## TASK STATEMENT
Look for "VTG Dale Earnhardt" in the entries below. Write out that line and all later lines exactly, ending with the final one.

## SUPPLIED RECORDS
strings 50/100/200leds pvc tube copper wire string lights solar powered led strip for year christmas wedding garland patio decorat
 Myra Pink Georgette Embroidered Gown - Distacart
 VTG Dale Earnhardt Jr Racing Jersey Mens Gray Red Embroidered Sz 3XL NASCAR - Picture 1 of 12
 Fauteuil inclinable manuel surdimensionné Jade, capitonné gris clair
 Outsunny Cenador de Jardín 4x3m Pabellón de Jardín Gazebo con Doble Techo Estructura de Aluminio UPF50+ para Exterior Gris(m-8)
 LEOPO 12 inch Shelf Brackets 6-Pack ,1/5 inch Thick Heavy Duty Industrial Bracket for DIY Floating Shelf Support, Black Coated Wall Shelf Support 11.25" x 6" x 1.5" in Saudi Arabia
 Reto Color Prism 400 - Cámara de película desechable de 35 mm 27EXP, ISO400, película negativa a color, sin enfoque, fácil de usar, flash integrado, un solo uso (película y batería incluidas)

## RESPONSE TO THE EXERCISE
 VTG Dale Earnhardt Jr Racing Jersey Mens Gray Red Embroidered Sz 3XL NASCAR - Picture 1 of 12
 Fauteuil inclinable manuel surdimensionné Jade, capitonné gris clair
 Outsunny Cenador de Jardín 4x3m Pabellón de Jardín Gazebo con Doble Techo Estructura de Aluminio UPF50+ para Exterior Gris(m-8)
 LEOPO 12 inch Shelf Brackets 6-Pack ,1/5 inch Thick Heavy Duty Industrial Bracket for DIY Floating Shelf Support, Black Coated Wall Shelf Support 11.25" x 6" x 1.5" in Saudi Arabia
 Reto Color Prism 400 - Cámara de película desechable de 35 mm 27EXP, ISO400, película negativa a color, sin enfoque, fácil de usar, flash integrado, un solo uso (película y batería incluidas)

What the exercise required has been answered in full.